I taught school staff under fluorescent lights, their hands shaking over plastic mannequins while I repeated the same rules until they sounded less like instructions and more like prayer.

Center of the chest.

Hard and fast.

Call for help.

Do not stop until help arrives.

I was sixty-three years old when I learned that a lesson can outlive the person who teaches it.

My name matters less than the city does, because Cincinnati, Ohio, made me before retirement ever softened me.

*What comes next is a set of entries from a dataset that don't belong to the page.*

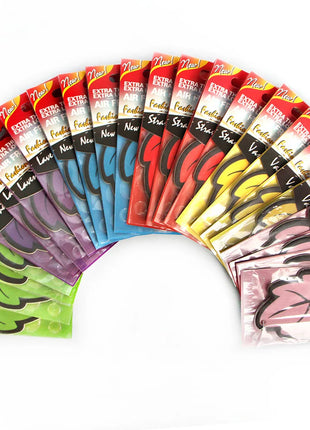6PCS Car Air Freshener Natural Scented Tea Paper Auto Hanging Vanilla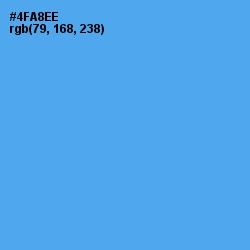 #4FA8EE - Picton Blue Color Image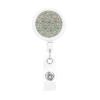 Retractable Badge Holder, Border Terrier Florals Blue view 1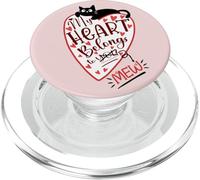 My Heart Belongs to You Cat Lovers Meow Design PopSockets PopGrip para MagSafe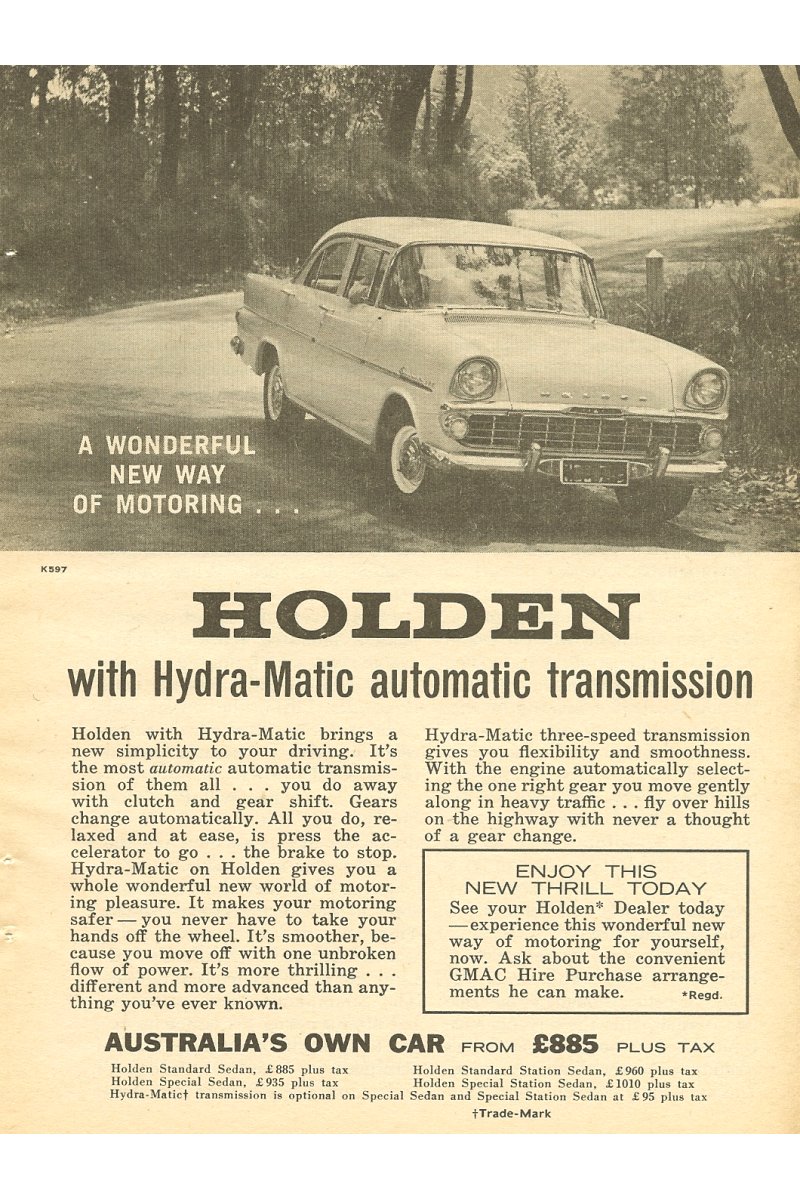 Early Holden Advertising Brochure Page 13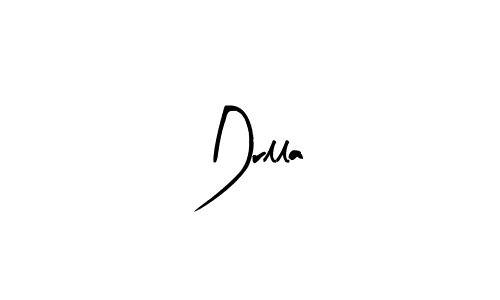 Similarly Arty Signature is the best handwritten signature design. Signature creator online .You can use it as an online autograph creator for name Drlla. Drlla signature style 8 images and pictures png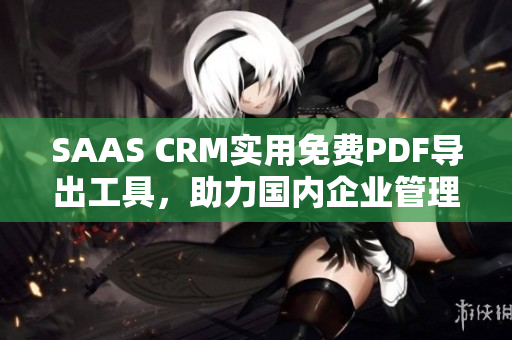 SAAS CRM实用免费PDF导出工具，助力国内企业管理创新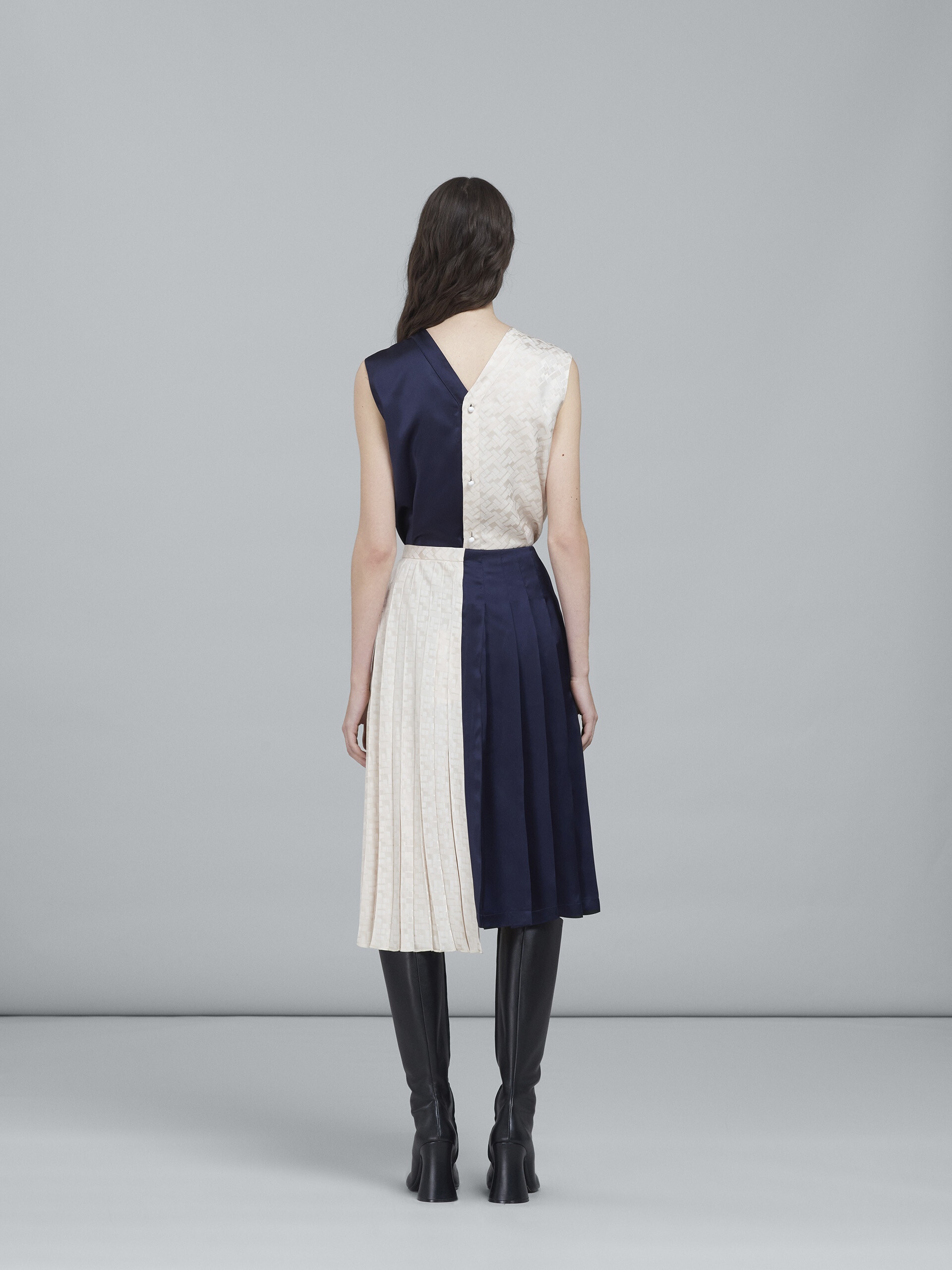 VISCOSE JACQUARD WRAP SKIRT - 3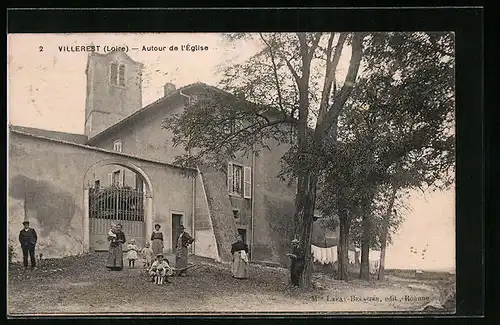 AK Villerest, Autour de l'Èglise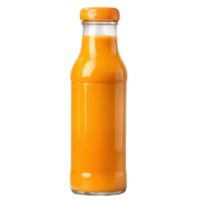 carrot smoothies bottle isolated on transparency background png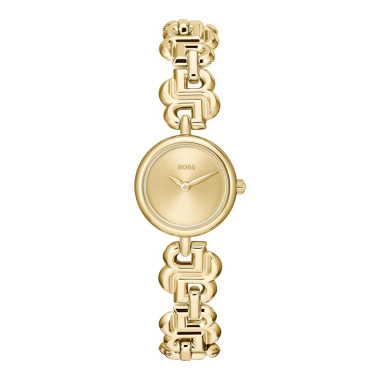 Montre DOUBLE B DRESSY - BOSS Femme Bracelet Acier Doré - 1502794
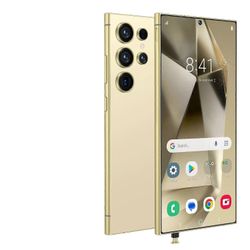 4G-verkko 8-ytiminen/4-ytiminen S25-älypuhelin 6,8 tuuman suuri näyttö kasvojentunnistuksella 64+4 Gt suuri muisti HD-matkapuhelin - yyds kultaa 64...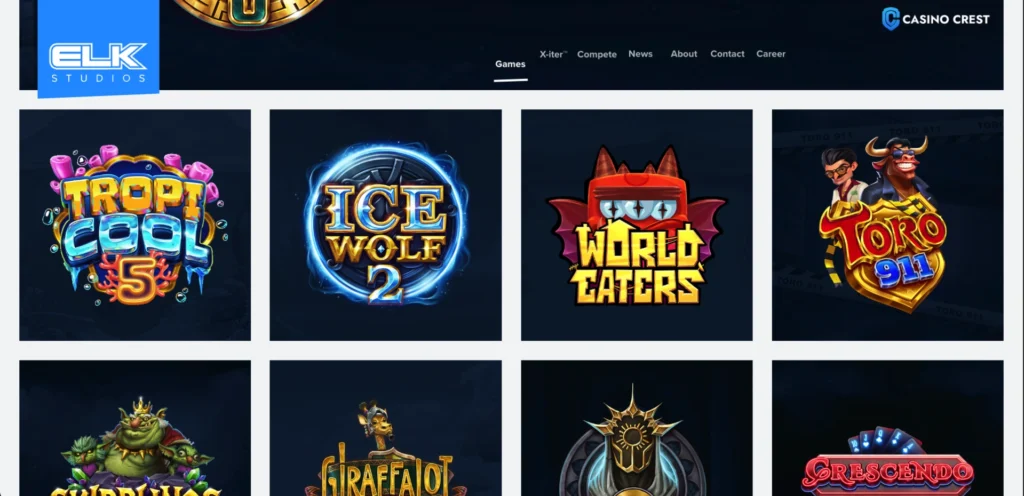 ELK Studios Slot Provider, ELK studios Casino Crest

I spent thirty-one years as a firefighter and paramedic there, and those years do not leave a man clean.

People like to imagine rescue work as bravery in a bright uniform.

Sometimes it is.

More often, it is smoke in your throat, blood under your fingernails, a mother screaming your name without knowing it, and the kind of silence that follows a failed pulse check.

I retired six years ago to a small house on a quiet street with a yard and not much else.

That is what I used to tell people.

A yard and not much else.

It was not quite true.

I had Max.

Max was a German Shepherd, four years old, broad through the chest, black-and-tan, with ears that made him look like he heard sins before they were committed.

He was a service dog, but not the kind people assumed when they saw him beside a retired paramedic.

He was not trained for my heart.

He was trained for my fear.

That is harder for some people to hear than heart trouble.